[EXERCISE PROMPT] Wherever the listing holds a picture, leave it out, and copy the remainder exactly.

[STORED DATA]
________________________
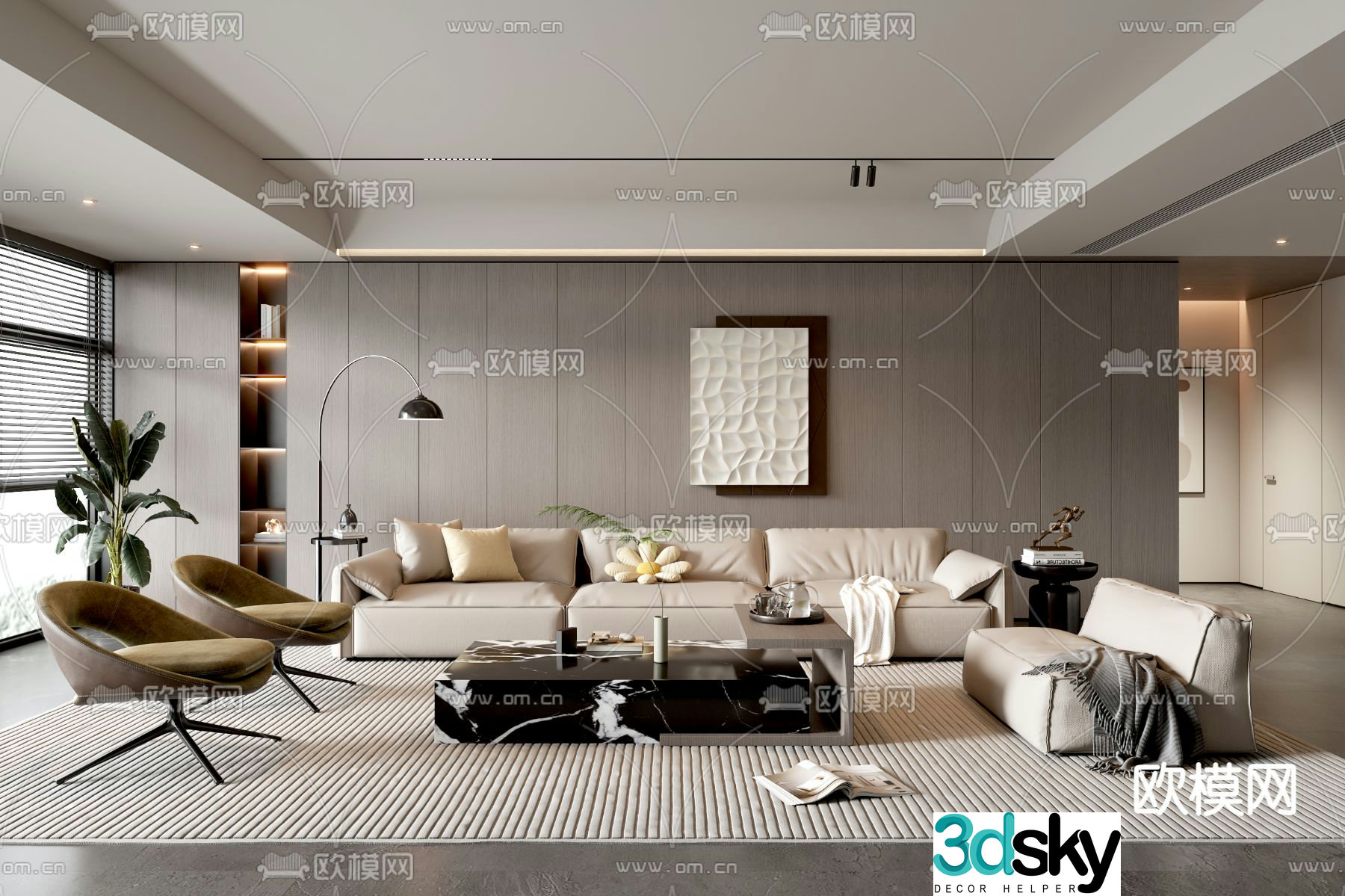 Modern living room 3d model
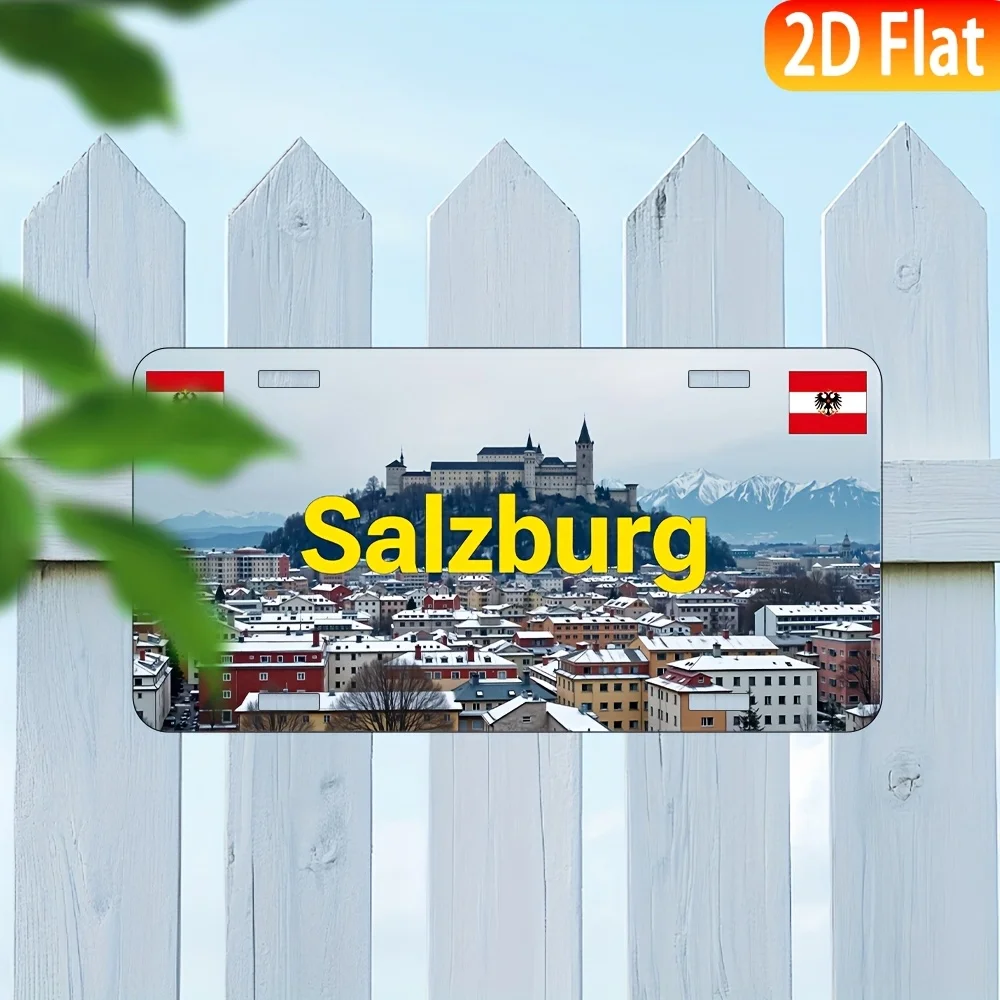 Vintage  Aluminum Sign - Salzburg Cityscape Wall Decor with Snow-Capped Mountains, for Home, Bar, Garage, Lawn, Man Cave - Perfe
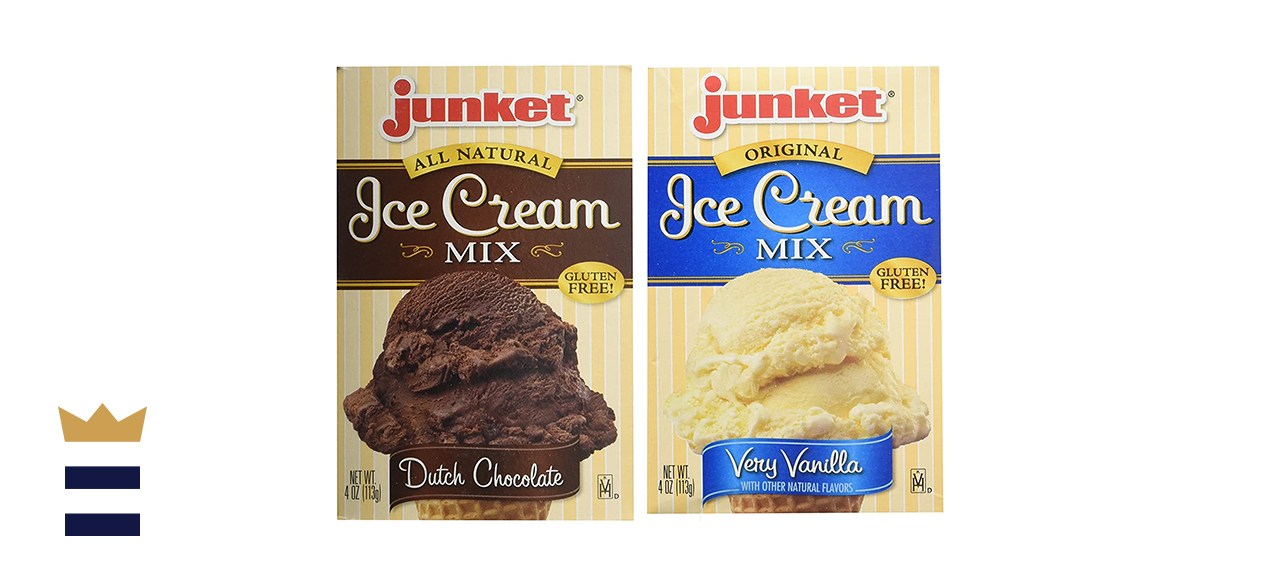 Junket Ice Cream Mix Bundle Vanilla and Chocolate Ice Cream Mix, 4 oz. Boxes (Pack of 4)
________________________
[SOLUTION FOR THIS PROBLEM]
 Modern living room 3d model
 Vintage  Aluminum Sign - Salzburg Cityscape Wall Decor with Snow-Capped Mountains, for Home, Bar, Garage, Lawn, Man Cave - Perfe
 Junket Ice Cream Mix Bundle Vanilla and Chocolate Ice Cream Mix, 4 oz. Boxes (Pack of 4)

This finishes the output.